En 1786, un différend oppose Roland et l’Académie : le 12 avril, il envoie le discours qu’il compte mettre en tête de la seconde partie de son Dictionnaire des manufactures (Ac.Ms268-IV f°269 et Ac.Ms182 f° f°283-318). Le 15 avril, ayant appris que l’Académie ne souscrit pas à l’Encyclopédie méthodique, il lui offre les volumes relatifs aux questions d’art qu’il y a traitées (Ac.Ms268-IV f°270). Le 11 juillet, l’Académie s’émeut que le discours prononcé par Roland en séance publique ait été imprimé avec la mention « membre de cette Académie », sans son aveu. Le 14 juillet, Roland écrit à l’Académie pour demander si, n’ayant reçu d’elle ni témoignage flatteur ni reproche, il peut continuer d’user de son titre d’académicien de Lyon pour la suite de son œuvre encyclopédique (Ac.Ms268-IV f°287). Le 18 juillet, Bory* est chargé d’écrire à M. de la Platière que l’Académie ne peut se départir de l’observation exacte de l’article 27 de ses règlements : « les ouvrages approuvés pour être lus dans les séances publiques n’ont jamais été réputés dans le cas d’être publiés par les auteurs avec leur titre d’académicien » sans une nouvelle autorisation. Il peut continuer d’user de ce titre pour l’Encyclopédie méthodique, mais est prié de retrancher du discours préliminaire dont il a envoyé le manuscrit, le paragraphe touchant le prix de 1776 sur la teinture des soies (voir le passage litigieux : f°317v).

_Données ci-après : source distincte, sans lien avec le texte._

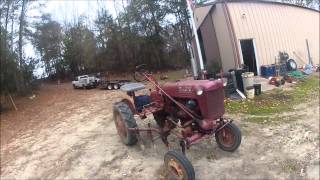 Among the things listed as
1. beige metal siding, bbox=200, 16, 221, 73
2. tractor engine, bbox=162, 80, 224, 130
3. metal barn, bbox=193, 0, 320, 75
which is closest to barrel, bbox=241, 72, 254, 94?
metal barn, bbox=193, 0, 320, 75

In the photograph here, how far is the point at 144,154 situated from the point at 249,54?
10817mm

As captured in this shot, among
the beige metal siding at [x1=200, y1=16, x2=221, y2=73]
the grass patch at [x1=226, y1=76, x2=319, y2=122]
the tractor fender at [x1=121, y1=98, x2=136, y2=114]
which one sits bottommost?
the grass patch at [x1=226, y1=76, x2=319, y2=122]

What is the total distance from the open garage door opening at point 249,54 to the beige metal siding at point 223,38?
28.3 inches

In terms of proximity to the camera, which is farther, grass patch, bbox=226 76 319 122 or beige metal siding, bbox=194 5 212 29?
beige metal siding, bbox=194 5 212 29

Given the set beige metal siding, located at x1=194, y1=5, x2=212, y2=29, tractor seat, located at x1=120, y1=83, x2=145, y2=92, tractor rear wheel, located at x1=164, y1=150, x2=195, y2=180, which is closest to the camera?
tractor rear wheel, located at x1=164, y1=150, x2=195, y2=180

Le 19 décembre 1786, Roland lit un avis motivé sur la nécessité de déclarer vacantes les places d’académiciens titulaires absents depuis plusieurs années et obligés de résider loin de Lyon ; l’Académie se contentera de prévenir les membres concernés (Ac.Ms263 f°210). Le 7 décembre 1787 il demande à passer de la classe des belles-lettres à celle des sciences (Ac.Ms268-IV f°332), ce qui lui est accordé le 12 février 1788, Montluel* faisant le chemin inverse. Le 6 avril 1792, il remercie l’Académie de la confiance qu’elle lui a témoignée lors de sa nomination comme ministre de l’Intérieur (Ac.Ms268-IV f°438).
Il est en outre, comme son frère aîné Dominique, membre de l’académie de Villefranche (« une pucelle qui n’a jamais fait parler d’elle », selon le mot de Voltaire rapporté par Mme Roland dans une lettre du 22 décembre 1785) ; membre honoraire de la société économique de Berne, correspondant des académies des sciences de Paris, Montpellier, Turin, Bologne, associé des académies de Rouen, de Dijon, des Arcades de Rome, de la société d’émulation de Bourg ; membre de la société royale d’agriculture de Lyon.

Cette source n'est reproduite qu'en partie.